A citação é mais que um mero recurso de alusão, tão comum na literatura. "Não é só uma referência intertextual. Ele usa de um jeito mais poderoso. Ali fica imbricado o sentido da experiência de vida e investimento estético. Não é frívolo, não é apenas pelo exercício estético. Embora seja rebuscado e elaborado, não é apenas pelo virtuosismo técnico", analisa Augusto.
Como poeta simbolista, Cruz e Sousa usa imagens que remetem ao tema da morte e do mundo espiritual, em oposição à realidade. Ele adota também elementos obscuros e diabólicos, como figura de Satã, tal qual Baudelaire.
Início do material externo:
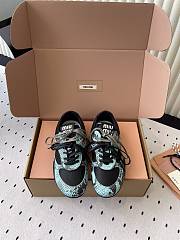 Miumiu Gymnasium Technical Fabric and Python Low Top Sneakers 20319 - 4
Em "Monja Negra", o brasileiro escreve: "Não sei que Anjo fatal, que Satã fugitivo,/ Que gênios infernais, magnéticos, sombrios,/ Deram-te as amplidões e o sentimento vivo/ Do mistério com todos os seus calafrios…".
Caveiras também são recorrentes na sua poesia, como no poema "Ressurreição": "Não sinto mais o teu sorrir macabro/ De desdenhosa caveira./ Agora o coração e os olhos abro/ Para a Natureza inteira!"
Outra alegoria frequente nos versos do simbolista é a cor branca. Não há, todavia, uma ideia de embranquecimento do homem negro, como alguns estudiosos já apontaram, o próprio Bastide entre eles. Isso porque a poesia de Cruz e Sousa opera por meio da sugestão e não do significado objetivo.
"O branco é o vazio, a esterilidade, uma certa pureza. Quando ele usa os elementos simbolistas, eles ganham conotação um pouco diferente, porque é um poeta negro escrevendo na periferia do capitalismo. É impossível não ler com os olhos de hoje, mas é preciso olhar com calma e atenção para que esse olhar atual não aponte para um negro que traía os brancos", opina Augusto, mestre em letras pela Universidade Federal do Rio Grande do Sul.
Segundo o crítico, os efeitos do racismo aparecem, sim, nos chamados biografemas, ou seja, nas memórias e experiências vividas transformadas em signo, como uma "pequena cápsula de experiência vivencial".
Assim, o racismo aparece principalmente como tristeza. "Dessas tristezas que vagam/ Com volúpias tão sombrias/ Que as nossas almas alagam/ De estranhas melancolias", escreveu o simbolista.